◆ REQUIREMENT ◆
What is needed is an exact copy of the lines from the one containing "PRETTYGARDEN Womens Summer" through the last line of the records, with no pictures.

◆ AVAILABLE DATA ◆
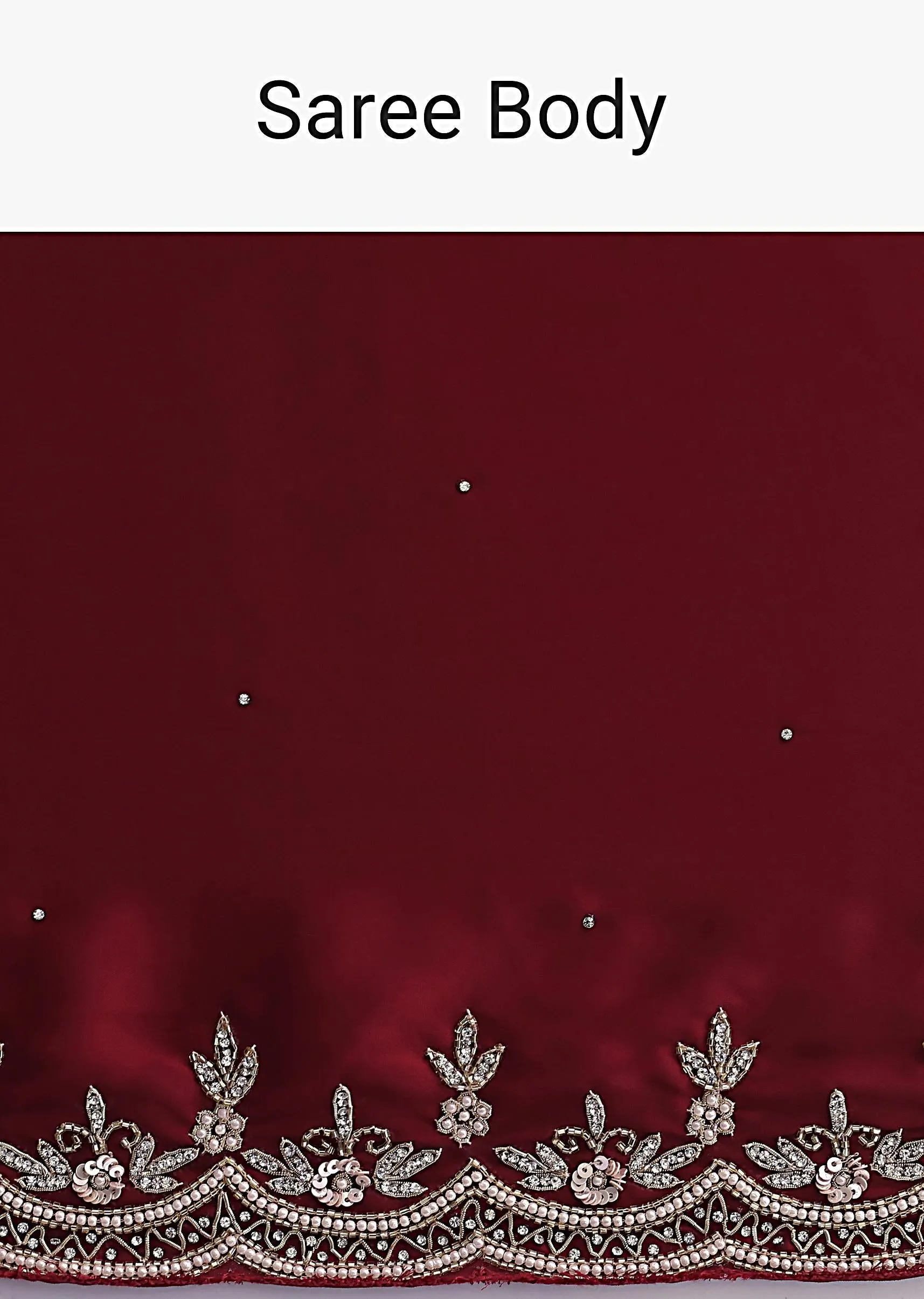 Maroon Satin Saree With Cutdana Border And Unstitched Blouse Fabric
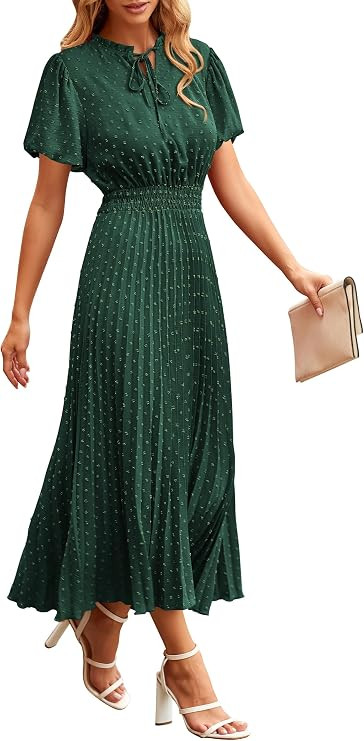PRETTYGARDEN Womens Summer Midi Dresses Puff Short Sleeve V Neck Swiss Dot Pleated A Line Flowy L... | Amazon (US)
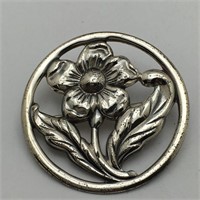 Sterling Silver Flower Broach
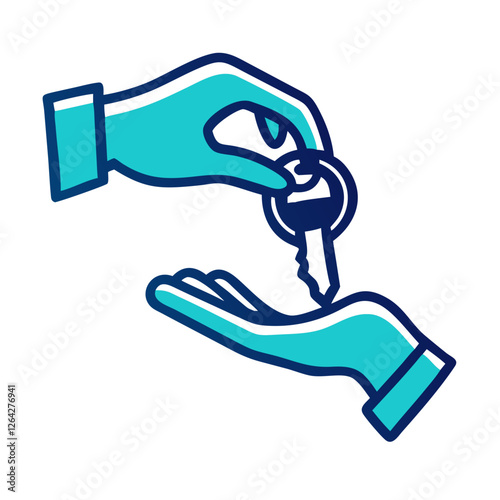 A real estate agent handing over a set of house keys to a smiling new homeowner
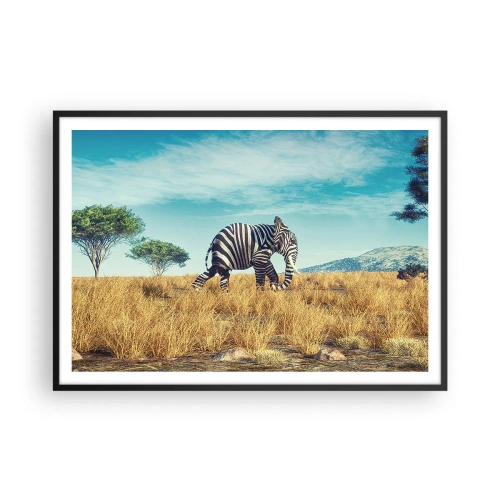 Plakat w czarnej ramie - Zebra w afrykańskim krajobrazie - 100x70cm - Szarość już niemodna - Nowoczesna dekoracja ścienna do salonu i sypialni ARTTOR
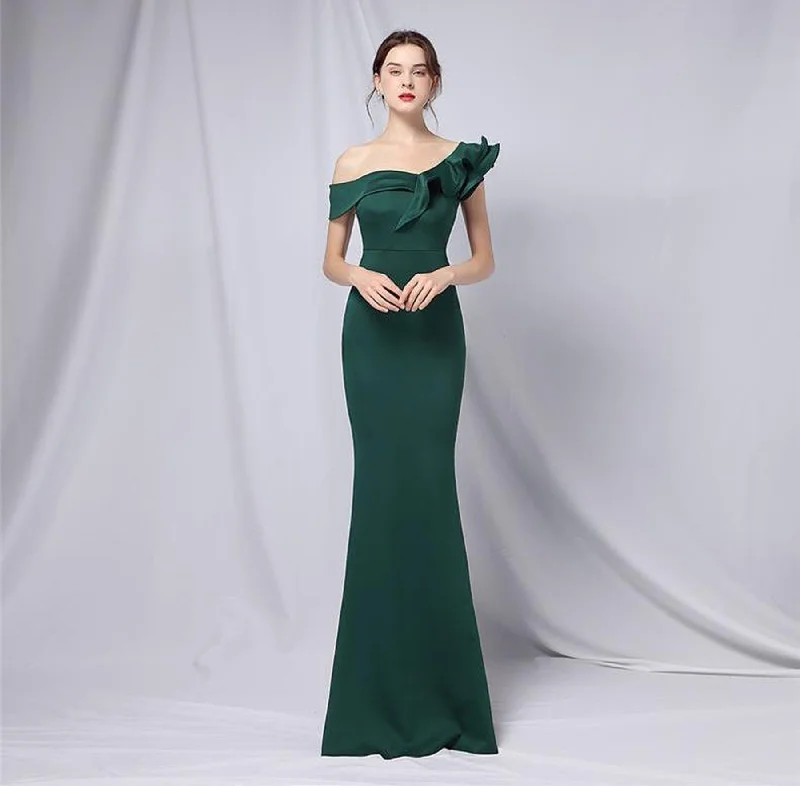 Bridesmaid dresses for womenSingle Ruffle Shoulder Maxi Dress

◆ ANSWER SPACE ◆
PRETTYGARDEN Womens Summer Midi Dresses Puff Short Sleeve V Neck Swiss Dot Pleated A Line Flowy L... | Amazon (US)
 Sterling Silver Flower Broach
 A real estate agent handing over a set of house keys to a smiling new homeowner
 Plakat w czarnej ramie - Zebra w afrykańskim krajobrazie - 100x70cm - Szarość już niemodna - Nowoczesna dekoracja ścienna do salonu i sypialni ARTTOR
 Bridesmaid dresses for womenSingle Ruffle Shoulder Maxi Dress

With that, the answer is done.